Die SBB machen Schalter um Schalter dicht. Ende Juni trifft es Küssnacht SZ, im September Münchenbuchsee BE. Mitte des vergangenen Jahres schlossen zum ­Beispiel der Schalter am Bahnhof ­Killwangen-Spreitenbach AG, davor diejenigen in Kilchberg ZH und Nänikon-Greifensee ZH. 2016 fielen unter anderem die Schalter in Flüelen UR, Fehraltdorf ZH und Herrliberg-Feldmeilen ZH dem Rotstift zum Opfer. Seit 2002 halbierte sich die Zahl der bedienten Bahnschalter (siehe Tabelle im PDF).

Dazu kommt: Die SBB schränken bei den verbliebenen Schaltern die Öffnungszeiten ein. Betroffen sind ab 1. Mai auch die Billettschalter im Hauptbahnhof Zürich, dem grössten Bahnhof der Schweiz. Neu sind sie von 6 bis 21 Uhr bedient. Bisher konnten sich Reisende von 5.30 bis 21.40 Uhr ein Billett kaufen. Bis Mai 2010 waren die Schalter gar bis 23.15 Uhr geöffnet. 

Auch um 21 Uhr noch eine lange Warteschlange

Die SBB behaupten wie immer beim Serviceabbau, man habe am Hauptbahnhof Zürich «auf die ver­änderte Nachfrage nach bedientem Verkauf» reagiert. 

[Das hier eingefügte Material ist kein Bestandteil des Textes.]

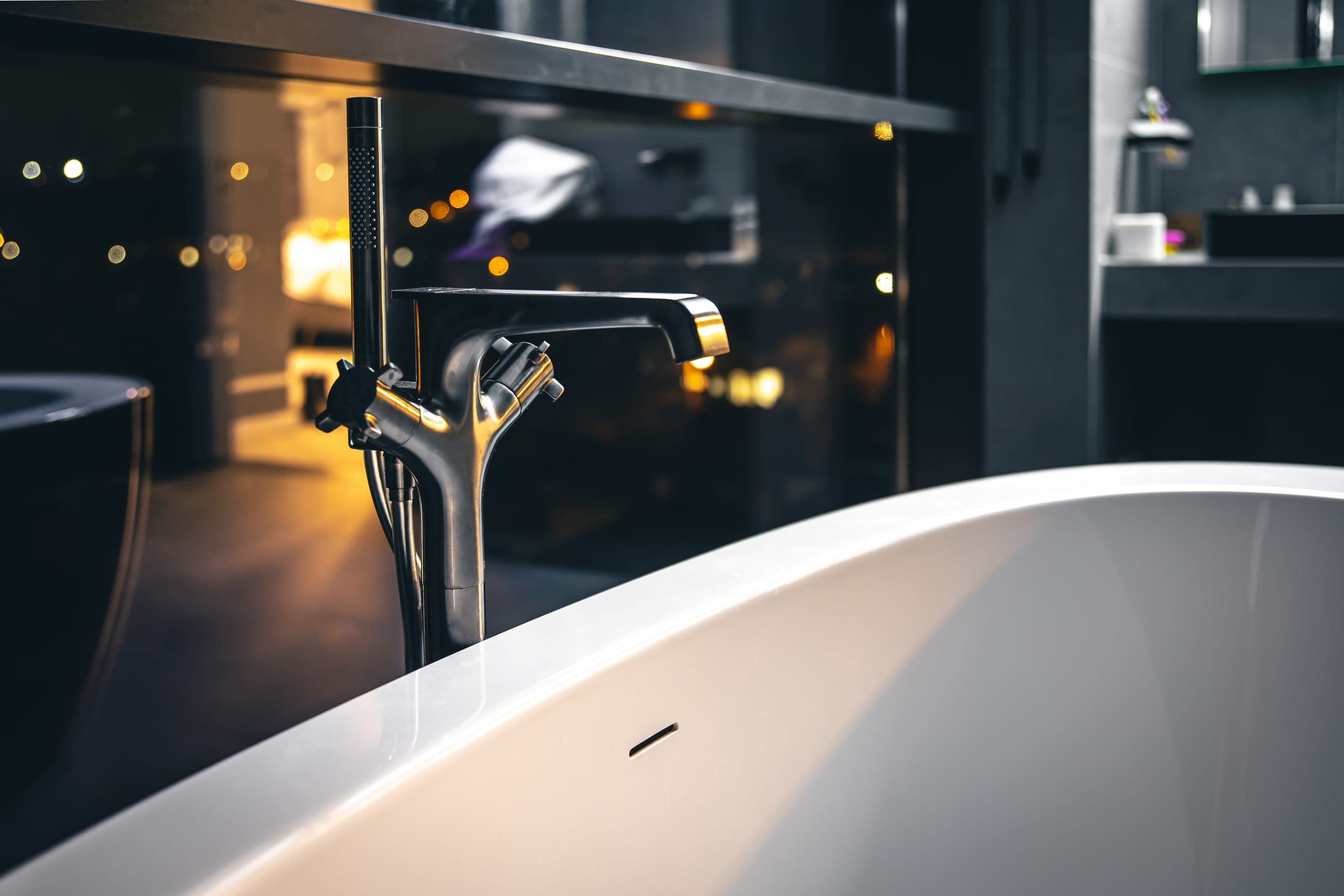 Modern bathroom tapware installation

Doch ein saldo-­Augenschein vor Ort zeigt ein anderes Bild: Trotz Frühlings­ferien waren die Schalter am Montag, 23. April auch nach 21 Uhr noch rege genutzt – davon zeugen die Warte­schlange und die Kommentare der Reisenden. Ein Mann in der Schlange bringt es auf den Punkt: Er besitzt ein Generalabonnement und möchte ein Billett von Chiasso nach Milano kaufen. «Ich schätze den ­persönlichen Kontakt und kundenfreundliche Öffnungszeiten auch nach 21 Uhr.» Er versteht nicht, dass die Schalter bald eine halbe Stunde früher schliessen. «Doch leider machen die SBB, was sie wollen.»

«Ich brauche kurzfristig ein Ticket nach Wien. Ein Kauf über das Internet ist zwar möglich, doch die internationalen Tickets muss man ausdrucken. Mit dem Smartphone geht das nicht.»
Margarete Jahrmann, Wien

«Wir sind nur kurze Zeit in Zürich. Morgen wollen wir nach Rom weiter. ­Unser Zug fährt bereits um 6.09 Uhr, deshalb kaufen wir die Tickets am ­Vorabend. Vor 21 Uhr ­hätten wir es nicht hierher geschafft.»
Rick Crooks, Texas (USA)

«Ich bin sehr froh, wenn ich mich auch am späteren Abend am Schalter beraten lassen kann. Am grössten ­Bahnhof der Schweiz ­gehört das einfach zum Service.»
Gabriela Gmür, Zürich

«Lange Öffnungszeiten sind für mich selbst­verständlich. Das ­Ticket nach Neuenburg löse ich lieber am Schalter als am ­Automaten. Dort ist mir das ­Risiko zu hoch, dass ich ein ­falsches Billett kaufe.»